Her second husband was from Marakwet, a mean man who lived in a hut hid inside thickets. He kept countless sheep and as soon as Kabon arrived, he left this duty to her and disappeared for months on end, claiming he was visiting friends who were never identified. Kabon kept tending to the sheep, in a land devoid of people, where she had to mind the elephants and buffaloes that roamed about, and shiver at night as hyenas wailed around her hut, eager to get in and bite on a lamb. Her frustration was immense, and she waited for her father, Chemngar, to pass by so that she could plead to go back to him. Chemngar was a renowned arbiter and his skills were sought all across the Kerio valley, and he was on such a mission in Marakwet when Kabon met him. Seeing how his daughter was living, Chemngar said this could not be and walked with her back to his house.
She found her third husband, my great-grandfather, Kipkigey Arap Ayobei, waiting for her back home. Kipkigey’s first wife had left him and their child, and ran off to Nandi. In his loneliness, Kipkigey was glad to start a new life with Kabon. Since he had lost all his livestock to Nandi raids, he moved his young family to Pokot, where he could tend to cattle belonging to Pokot families and be repaid with calves. There, he could also hunt elephants and sell the ivory to Kamba tradesmen who would walk up the Uasin Gishu plateau searching for this.
It was in Pokot that Kabon gave birth to my grandmother Kimoi, who was named Chebelio as a child, because she was born on the day that Kipkigey killed an elephant. By the time their third child, Chebo Kimukony was born, Kipkigey’s calves had grown into a considerable herd and afraid that the Pokot would be envious, he decided to walk back home. But as he trekked down the Uasin Gishu plateau, he marveled at the grassland. There were no trees then in the plateau, just lush grass that could feed cows and when the sun was out, for one to sit on and reflect. New men had come to the land then, white men who rode on horses and went about tilling the land with oxen. Gone were the Karamojong, Maasai and Nandi.

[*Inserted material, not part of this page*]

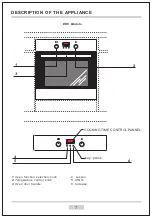 Preview for 10 page of Xolid XEBE5065-1H Instruction Manual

Kipkigey decided to build his home on the plateau and not go down to Kerio valley. And it was here that Kabon’s last child, Toroitich, was born. I met Toroitich as a young child in the 90s. By then she was old and blind, but she giggled with happiness when she touched my hands. She asked me to spit on her white hair so that she could bless me. She rarely met her elder sister’s grandchildren and when she did, it was always a joyful moment for her.